TASK INSTRUCTIONS:
Everything from the line containing "Lost Male Dog" to the close of the records below should be output exactly, line by line, with no other lines given.

RECORDS PROVIDED:
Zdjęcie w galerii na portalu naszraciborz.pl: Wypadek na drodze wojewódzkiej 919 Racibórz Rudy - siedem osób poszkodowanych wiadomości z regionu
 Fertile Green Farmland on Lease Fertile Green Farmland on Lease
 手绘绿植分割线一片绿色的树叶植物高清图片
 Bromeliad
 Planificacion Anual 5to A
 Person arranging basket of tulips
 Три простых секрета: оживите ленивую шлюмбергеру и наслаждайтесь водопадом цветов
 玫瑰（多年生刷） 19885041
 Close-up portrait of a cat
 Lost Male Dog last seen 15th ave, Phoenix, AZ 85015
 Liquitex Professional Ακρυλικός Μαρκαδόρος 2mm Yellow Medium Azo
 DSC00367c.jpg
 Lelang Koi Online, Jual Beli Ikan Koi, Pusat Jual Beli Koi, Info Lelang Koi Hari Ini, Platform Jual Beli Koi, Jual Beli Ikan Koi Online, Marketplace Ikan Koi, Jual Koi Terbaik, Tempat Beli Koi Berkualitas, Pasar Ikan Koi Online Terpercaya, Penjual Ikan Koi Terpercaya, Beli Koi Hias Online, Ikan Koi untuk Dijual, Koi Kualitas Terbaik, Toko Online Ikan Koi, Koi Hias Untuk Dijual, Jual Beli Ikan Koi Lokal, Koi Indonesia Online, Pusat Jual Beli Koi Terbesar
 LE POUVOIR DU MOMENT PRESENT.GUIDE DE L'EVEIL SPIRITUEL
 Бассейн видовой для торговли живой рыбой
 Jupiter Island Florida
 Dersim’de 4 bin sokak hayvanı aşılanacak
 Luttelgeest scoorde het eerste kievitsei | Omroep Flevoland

EXERCISE SOLUTION:
 Lost Male Dog last seen 15th ave, Phoenix, AZ 85015
 Liquitex Professional Ακρυλικός Μαρκαδόρος 2mm Yellow Medium Azo
 DSC00367c.jpg
 Lelang Koi Online, Jual Beli Ikan Koi, Pusat Jual Beli Koi, Info Lelang Koi Hari Ini, Platform Jual Beli Koi, Jual Beli Ikan Koi Online, Marketplace Ikan Koi, Jual Koi Terbaik, Tempat Beli Koi Berkualitas, Pasar Ikan Koi Online Terpercaya, Penjual Ikan Koi Terpercaya, Beli Koi Hias Online, Ikan Koi untuk Dijual, Koi Kualitas Terbaik, Toko Online Ikan Koi, Koi Hias Untuk Dijual, Jual Beli Ikan Koi Lokal, Koi Indonesia Online, Pusat Jual Beli Koi Terbesar
 LE POUVOIR DU MOMENT PRESENT.GUIDE DE L'EVEIL SPIRITUEL
 Бассейн видовой для торговли живой рыбой
 Jupiter Island Florida
 Dersim’de 4 bin sokak hayvanı aşılanacak
 Luttelgeest scoorde het eerste kievitsei | Omroep Flevoland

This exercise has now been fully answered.